Since newly mined gold makes up a large percentage of the 4400 tonnes of annual world gold supply, any significant reduction in this supply would need to be met with supply from other sources. The buyers who ordinarily find the 2700 tonnes a year of mine supply to meet their demand will have to make due with 2500, 2200, or 2000, and so forth. This differential will have to be made from existing holders of gold, who care much more about prices than the miners, and as gold drops they will be less willing to sell at a loss or marginal profit. So this supply would be unavailable to the market at low spot prices (unlike newly-mined gold, which is sold regardless of spot) as these sellers wait for higher prices -- which ultimately would significantly constrict supply.
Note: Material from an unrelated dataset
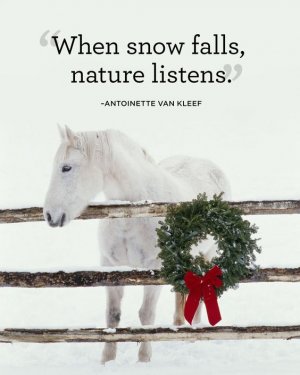 8265b73fc126f79ff8f977660dd09293[1].jpg
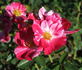 Nashville ™ rose photo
To put this into perspective, if mined gold supply drops 10% because struggling miners cut back production, that would be around 250 tonnes (8 million ounces) of gold supply that would be removed from the market. This is equivalent to 25% of the GLD gold trust or all of the gold held by COMEX -- a large amount of supply that would have to be found from existing holders of gold. If current gold owners hold back their gold from the market and do not make up for this shortage of supply, then what we will have is deficit in the gold market and the pressure will build for higher prices.
Opportunity for Investors
Investors make the most money when they find paradigms that are incorrect and they invest directly against them. It is not easy, it takes a lot of patience, and it requires people to be able to stand up against conventional understanding and hold tight as their positions are questioned and ridiculed by the mainstream. But if investors are correct, then the rewards can be tremendous.
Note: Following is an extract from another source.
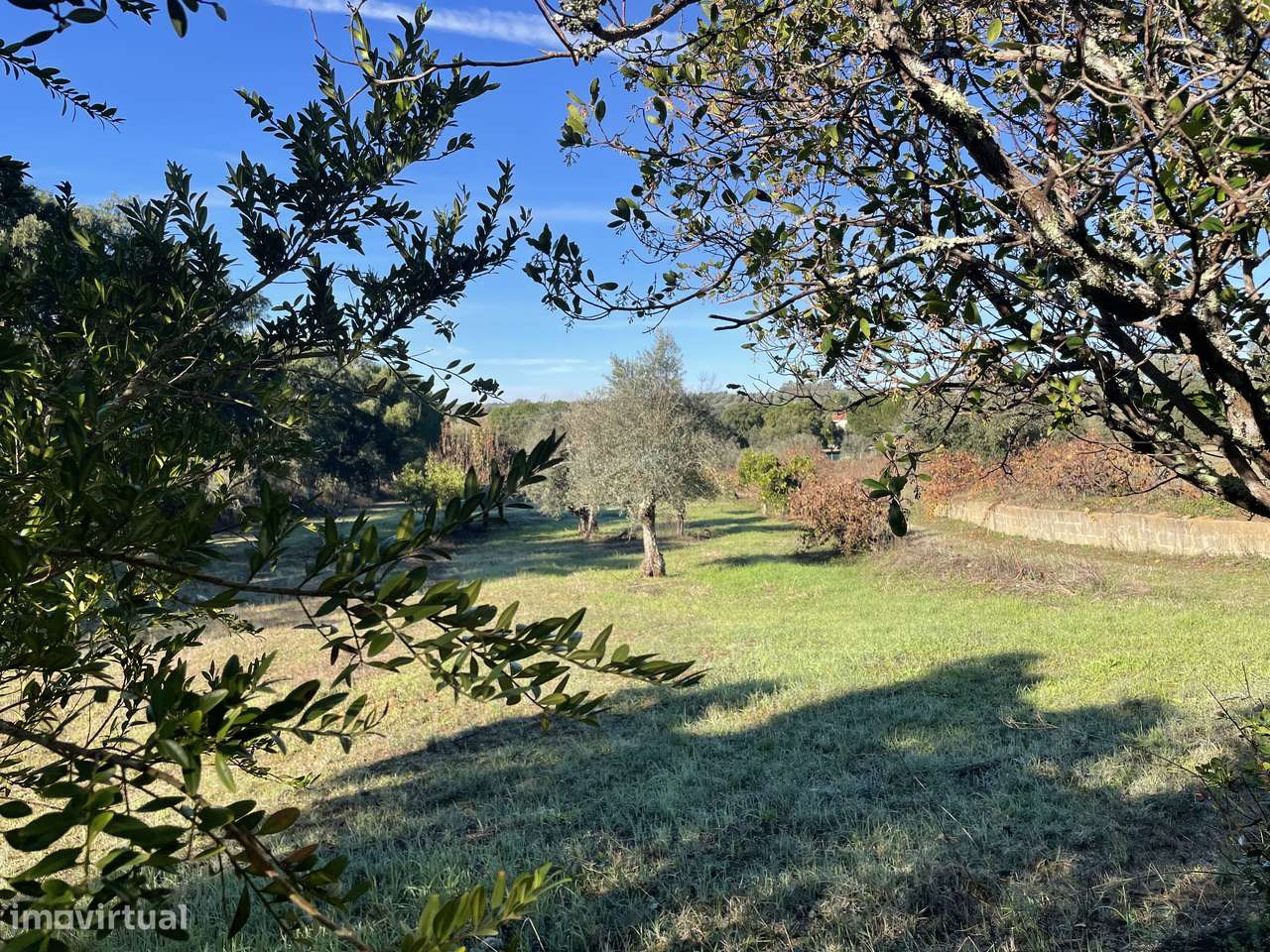 Terreno Rústico  20 000m2 Abrantes - Grande imagem: 5/42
This misunderstanding of the importance of mined gold supply allows investors a huge opportunity to get ahead of an upcoming supply crunch in gold. The gold supply situation is getting worse and our calculations of the true all-in costs for gold in 2012 show very thin margins for the miners at current prices, even as costs continue to rise. This is also affirmed by a speech given by the CEO of Barrick Gold (NYSE:ABX), who talked about future supply crunches in gold at a time when gold was trading over $1700 per ounce -- the current price will only exacerbate that.
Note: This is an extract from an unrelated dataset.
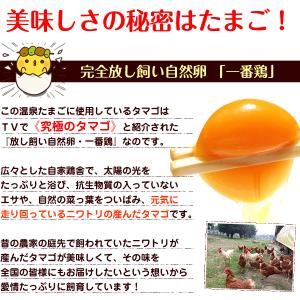 卵 温泉たまご 5個入り 温泉卵 温泉玉子 /...の詳細画像1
Investors with the courage and patience to go against the paradigm can take advantage of this situation by buying GLD, PHYS, CEF, and most importantly physical gold, while they wait and watch the gold miners struggle to control costs. Cutting costs will lead to drops in production (which we are already seeing), and if the gold price stays low long enough, a future structural deficit in gold that will force much higher prices in gold.
When the markets start to understand that future gold supply will be significantly curtailed, sentiment will change -- and it may change very fast. This is all assumes that all goes well with the extraordinary measures taken by policy makers, if it does not then gold demand may increase significantly even as production drops -- which may cause a rise in the gold price that may surprise everyone.
The opportunity is here, and now it is time for investors to grab the gold bull by the horns and hold on tight, because we believe it will be a terrific ride.
Disclosure: I am long SGOL, PHYS, SIVR, PSLV. I wrote this article myself, and it expresses my own opinions. I am not receiving compensation for it (other than from Seeking Alpha). I have no business relationship with any company whose stock is mentioned in this article.